Items listed in a dataset:
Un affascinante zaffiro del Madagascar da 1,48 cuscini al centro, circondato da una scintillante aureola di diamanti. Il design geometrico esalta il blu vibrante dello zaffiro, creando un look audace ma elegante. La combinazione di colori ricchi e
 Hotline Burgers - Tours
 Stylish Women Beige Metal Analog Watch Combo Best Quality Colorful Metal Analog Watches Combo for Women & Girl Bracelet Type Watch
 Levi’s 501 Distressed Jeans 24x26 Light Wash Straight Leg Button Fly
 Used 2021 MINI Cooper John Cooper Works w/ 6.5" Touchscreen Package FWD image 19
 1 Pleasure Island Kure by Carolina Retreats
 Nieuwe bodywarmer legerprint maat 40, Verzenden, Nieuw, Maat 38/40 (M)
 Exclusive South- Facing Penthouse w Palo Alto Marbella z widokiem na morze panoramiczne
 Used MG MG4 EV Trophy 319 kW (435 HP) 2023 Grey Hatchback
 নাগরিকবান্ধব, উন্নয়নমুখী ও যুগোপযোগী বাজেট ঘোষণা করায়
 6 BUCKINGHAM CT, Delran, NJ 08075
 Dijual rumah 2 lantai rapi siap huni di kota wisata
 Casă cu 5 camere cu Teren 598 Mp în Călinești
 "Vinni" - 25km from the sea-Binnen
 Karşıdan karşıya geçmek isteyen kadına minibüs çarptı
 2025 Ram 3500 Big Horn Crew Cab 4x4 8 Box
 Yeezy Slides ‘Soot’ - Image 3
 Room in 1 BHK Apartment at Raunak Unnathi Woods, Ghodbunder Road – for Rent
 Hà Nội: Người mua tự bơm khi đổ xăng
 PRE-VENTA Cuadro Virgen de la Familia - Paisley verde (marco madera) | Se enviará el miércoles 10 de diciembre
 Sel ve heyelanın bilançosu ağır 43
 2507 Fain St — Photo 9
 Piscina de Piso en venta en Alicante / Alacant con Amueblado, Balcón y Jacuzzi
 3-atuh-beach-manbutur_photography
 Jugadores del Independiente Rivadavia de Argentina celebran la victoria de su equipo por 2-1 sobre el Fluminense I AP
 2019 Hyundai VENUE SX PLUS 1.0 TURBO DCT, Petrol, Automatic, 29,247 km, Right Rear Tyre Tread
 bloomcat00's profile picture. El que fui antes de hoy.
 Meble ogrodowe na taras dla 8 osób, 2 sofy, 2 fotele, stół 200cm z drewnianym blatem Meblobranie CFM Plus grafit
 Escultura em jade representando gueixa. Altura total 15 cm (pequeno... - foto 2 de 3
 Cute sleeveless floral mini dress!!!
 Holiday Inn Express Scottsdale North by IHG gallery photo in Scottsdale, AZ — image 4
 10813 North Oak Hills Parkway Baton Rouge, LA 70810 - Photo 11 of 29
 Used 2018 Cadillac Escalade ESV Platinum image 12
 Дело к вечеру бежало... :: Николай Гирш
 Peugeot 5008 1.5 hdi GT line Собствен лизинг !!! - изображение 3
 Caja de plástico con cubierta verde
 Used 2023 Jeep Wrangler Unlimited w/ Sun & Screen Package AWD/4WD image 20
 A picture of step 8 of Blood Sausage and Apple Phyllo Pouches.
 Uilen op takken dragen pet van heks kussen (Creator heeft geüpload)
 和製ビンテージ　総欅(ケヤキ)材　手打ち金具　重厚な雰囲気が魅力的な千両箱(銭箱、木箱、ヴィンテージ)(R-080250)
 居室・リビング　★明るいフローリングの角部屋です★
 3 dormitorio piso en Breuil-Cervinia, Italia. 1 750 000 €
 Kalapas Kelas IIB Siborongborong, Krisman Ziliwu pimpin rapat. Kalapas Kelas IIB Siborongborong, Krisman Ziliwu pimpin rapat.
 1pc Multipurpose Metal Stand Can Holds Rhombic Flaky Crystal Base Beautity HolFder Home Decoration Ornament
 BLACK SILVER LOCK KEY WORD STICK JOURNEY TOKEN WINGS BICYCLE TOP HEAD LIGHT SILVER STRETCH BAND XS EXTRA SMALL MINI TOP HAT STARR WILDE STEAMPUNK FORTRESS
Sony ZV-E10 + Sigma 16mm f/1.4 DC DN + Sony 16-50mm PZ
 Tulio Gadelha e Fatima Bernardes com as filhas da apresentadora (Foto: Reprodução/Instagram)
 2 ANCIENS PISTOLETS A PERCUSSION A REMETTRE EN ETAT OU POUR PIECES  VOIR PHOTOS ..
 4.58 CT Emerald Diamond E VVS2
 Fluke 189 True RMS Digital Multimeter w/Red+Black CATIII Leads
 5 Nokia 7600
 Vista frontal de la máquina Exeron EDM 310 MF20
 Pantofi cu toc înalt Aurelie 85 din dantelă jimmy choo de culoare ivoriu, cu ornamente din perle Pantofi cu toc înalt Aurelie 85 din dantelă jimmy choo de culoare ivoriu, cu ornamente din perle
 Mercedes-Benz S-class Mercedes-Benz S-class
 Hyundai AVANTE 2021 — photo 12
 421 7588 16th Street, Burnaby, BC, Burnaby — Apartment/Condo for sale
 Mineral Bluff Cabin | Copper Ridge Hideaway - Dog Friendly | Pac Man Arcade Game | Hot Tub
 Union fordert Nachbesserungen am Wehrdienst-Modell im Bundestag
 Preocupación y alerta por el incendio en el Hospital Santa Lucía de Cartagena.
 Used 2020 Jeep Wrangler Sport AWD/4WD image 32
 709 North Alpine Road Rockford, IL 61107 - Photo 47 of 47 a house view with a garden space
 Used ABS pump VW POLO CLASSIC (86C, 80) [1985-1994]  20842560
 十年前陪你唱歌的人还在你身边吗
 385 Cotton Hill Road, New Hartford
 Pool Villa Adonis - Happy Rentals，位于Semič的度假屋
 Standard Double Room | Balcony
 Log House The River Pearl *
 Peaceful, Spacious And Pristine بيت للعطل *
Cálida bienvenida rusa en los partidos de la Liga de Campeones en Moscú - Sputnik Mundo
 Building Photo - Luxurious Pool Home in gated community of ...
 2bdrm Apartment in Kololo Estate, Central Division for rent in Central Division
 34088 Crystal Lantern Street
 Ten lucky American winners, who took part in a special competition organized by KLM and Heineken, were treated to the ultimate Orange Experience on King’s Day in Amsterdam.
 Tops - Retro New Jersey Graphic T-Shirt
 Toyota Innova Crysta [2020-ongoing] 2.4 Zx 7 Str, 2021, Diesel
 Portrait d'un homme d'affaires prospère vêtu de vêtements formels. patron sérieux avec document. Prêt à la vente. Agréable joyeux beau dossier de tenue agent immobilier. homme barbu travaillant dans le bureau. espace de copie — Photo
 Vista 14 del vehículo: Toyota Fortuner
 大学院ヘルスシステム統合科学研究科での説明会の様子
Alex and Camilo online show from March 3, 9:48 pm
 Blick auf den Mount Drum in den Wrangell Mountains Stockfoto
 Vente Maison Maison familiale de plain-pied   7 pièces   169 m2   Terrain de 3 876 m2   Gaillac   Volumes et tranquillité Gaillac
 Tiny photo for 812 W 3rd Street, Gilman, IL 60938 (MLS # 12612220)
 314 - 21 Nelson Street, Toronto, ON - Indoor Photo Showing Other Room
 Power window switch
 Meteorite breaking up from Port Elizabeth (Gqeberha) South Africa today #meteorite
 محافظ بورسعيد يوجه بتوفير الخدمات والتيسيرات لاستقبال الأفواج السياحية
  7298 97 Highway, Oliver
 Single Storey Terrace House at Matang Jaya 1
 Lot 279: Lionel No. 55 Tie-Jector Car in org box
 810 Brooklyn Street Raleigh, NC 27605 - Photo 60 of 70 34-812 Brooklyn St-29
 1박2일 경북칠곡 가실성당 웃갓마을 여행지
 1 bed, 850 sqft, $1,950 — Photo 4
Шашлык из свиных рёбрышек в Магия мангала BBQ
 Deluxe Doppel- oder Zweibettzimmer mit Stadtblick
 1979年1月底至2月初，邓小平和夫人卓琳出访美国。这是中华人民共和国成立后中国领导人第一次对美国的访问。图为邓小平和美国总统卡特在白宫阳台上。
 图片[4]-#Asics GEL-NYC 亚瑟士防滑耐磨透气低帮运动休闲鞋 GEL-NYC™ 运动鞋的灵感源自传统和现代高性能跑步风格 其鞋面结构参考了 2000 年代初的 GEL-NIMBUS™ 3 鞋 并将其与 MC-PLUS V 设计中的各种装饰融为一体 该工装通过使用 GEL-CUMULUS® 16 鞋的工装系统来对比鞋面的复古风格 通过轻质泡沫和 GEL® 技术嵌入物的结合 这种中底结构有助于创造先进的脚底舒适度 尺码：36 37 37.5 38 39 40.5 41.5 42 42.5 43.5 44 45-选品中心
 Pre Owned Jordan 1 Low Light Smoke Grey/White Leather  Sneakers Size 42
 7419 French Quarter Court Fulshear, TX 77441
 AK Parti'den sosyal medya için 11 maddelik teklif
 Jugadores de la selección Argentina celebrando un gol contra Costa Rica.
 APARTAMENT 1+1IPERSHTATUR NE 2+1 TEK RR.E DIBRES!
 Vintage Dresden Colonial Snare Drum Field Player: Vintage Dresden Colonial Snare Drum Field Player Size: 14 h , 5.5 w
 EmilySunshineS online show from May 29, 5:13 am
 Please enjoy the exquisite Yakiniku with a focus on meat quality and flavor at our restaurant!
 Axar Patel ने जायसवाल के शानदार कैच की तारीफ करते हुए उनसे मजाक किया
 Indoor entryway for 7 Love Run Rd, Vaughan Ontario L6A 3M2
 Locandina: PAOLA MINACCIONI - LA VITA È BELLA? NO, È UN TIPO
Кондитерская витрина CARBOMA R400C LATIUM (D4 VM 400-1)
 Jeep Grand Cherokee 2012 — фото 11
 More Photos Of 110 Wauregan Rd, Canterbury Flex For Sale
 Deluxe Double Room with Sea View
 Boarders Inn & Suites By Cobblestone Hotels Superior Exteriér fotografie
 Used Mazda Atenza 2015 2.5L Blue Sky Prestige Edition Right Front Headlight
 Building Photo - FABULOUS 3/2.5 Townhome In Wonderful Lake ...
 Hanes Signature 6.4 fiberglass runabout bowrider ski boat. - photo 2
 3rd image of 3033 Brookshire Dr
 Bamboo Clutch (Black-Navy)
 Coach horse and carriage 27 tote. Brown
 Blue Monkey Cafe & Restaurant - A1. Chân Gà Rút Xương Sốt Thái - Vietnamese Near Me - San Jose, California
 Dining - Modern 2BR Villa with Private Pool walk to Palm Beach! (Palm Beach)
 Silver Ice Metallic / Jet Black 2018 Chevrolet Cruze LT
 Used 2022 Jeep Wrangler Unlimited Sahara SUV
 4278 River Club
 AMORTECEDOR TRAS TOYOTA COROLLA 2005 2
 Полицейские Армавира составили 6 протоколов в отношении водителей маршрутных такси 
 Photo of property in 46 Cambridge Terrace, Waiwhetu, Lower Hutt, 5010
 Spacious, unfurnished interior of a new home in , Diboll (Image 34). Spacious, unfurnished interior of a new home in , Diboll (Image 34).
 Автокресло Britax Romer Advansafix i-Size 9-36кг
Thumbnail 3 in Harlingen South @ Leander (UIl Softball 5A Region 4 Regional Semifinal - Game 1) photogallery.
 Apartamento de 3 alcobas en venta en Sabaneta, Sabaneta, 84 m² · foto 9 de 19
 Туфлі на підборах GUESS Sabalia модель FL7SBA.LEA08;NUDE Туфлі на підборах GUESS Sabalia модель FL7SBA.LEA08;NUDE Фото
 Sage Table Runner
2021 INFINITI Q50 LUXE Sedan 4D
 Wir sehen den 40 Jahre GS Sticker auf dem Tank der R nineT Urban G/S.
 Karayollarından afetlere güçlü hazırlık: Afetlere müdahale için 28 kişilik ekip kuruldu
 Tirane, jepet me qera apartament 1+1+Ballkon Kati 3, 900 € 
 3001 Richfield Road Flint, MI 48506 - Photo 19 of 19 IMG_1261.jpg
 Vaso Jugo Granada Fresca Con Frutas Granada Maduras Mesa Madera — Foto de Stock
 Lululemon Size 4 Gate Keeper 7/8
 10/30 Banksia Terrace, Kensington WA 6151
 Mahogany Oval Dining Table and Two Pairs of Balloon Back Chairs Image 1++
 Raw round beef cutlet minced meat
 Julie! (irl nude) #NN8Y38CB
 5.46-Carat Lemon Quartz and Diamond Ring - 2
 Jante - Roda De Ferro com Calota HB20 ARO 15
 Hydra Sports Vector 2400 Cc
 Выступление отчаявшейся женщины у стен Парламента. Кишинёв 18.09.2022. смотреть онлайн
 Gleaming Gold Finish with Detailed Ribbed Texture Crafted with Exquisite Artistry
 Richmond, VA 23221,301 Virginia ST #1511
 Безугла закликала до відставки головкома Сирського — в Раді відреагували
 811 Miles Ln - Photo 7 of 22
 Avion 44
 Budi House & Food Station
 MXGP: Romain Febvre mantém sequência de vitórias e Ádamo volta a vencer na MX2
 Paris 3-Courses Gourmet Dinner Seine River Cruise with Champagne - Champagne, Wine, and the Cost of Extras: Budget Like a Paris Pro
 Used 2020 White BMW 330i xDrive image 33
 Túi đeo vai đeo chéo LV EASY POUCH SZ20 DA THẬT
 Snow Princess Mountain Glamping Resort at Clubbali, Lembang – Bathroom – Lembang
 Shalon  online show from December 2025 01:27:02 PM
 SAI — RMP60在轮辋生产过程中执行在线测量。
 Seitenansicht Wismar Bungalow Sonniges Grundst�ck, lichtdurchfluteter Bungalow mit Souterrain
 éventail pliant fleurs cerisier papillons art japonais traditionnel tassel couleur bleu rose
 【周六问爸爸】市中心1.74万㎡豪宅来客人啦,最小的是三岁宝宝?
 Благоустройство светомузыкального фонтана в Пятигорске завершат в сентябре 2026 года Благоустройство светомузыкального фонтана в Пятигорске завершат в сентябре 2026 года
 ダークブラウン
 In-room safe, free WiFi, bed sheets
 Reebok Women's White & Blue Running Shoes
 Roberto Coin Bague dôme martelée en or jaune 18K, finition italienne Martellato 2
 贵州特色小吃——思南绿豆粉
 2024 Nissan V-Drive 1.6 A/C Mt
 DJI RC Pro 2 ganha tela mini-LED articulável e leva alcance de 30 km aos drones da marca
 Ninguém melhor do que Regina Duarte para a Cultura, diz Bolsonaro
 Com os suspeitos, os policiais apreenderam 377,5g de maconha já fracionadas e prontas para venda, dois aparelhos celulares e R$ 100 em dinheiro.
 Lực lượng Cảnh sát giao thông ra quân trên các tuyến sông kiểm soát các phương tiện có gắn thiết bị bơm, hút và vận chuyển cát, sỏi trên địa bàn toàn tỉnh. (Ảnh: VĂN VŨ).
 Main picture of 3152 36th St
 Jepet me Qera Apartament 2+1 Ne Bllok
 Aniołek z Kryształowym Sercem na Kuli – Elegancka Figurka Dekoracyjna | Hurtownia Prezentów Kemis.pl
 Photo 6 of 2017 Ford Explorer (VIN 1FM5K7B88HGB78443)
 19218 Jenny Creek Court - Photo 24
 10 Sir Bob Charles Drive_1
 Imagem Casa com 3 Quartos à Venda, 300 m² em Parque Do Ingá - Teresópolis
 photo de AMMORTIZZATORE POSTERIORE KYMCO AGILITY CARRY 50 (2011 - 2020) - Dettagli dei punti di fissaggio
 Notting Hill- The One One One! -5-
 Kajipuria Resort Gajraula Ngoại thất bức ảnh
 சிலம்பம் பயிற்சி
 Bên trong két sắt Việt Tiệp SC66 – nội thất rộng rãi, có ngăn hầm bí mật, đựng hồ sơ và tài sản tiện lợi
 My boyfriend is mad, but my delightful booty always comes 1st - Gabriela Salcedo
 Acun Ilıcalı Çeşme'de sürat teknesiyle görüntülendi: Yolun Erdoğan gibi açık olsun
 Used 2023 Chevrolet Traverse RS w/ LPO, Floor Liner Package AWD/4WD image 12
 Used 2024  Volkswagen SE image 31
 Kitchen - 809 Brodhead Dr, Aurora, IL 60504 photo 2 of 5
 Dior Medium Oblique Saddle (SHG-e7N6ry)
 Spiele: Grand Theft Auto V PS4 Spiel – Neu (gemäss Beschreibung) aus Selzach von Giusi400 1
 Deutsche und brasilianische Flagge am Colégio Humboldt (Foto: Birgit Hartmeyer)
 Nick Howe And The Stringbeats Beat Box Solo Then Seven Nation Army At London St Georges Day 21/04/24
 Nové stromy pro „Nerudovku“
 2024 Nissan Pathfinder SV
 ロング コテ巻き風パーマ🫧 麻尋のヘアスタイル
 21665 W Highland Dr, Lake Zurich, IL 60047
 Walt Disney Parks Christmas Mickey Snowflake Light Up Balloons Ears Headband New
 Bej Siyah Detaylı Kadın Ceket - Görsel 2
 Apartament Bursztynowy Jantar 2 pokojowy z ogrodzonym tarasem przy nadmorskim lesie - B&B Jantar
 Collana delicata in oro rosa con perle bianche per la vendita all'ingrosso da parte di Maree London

TASK INSTRUCTIONS >> Copy out every line of the data where the word "için" occurs.

SOLUTION TO THE PROBLEM >>
 AK Parti'den sosyal medya için 11 maddelik teklif
 Karayollarından afetlere güçlü hazırlık: Afetlere müdahale için 28 kişilik ekip kuruldu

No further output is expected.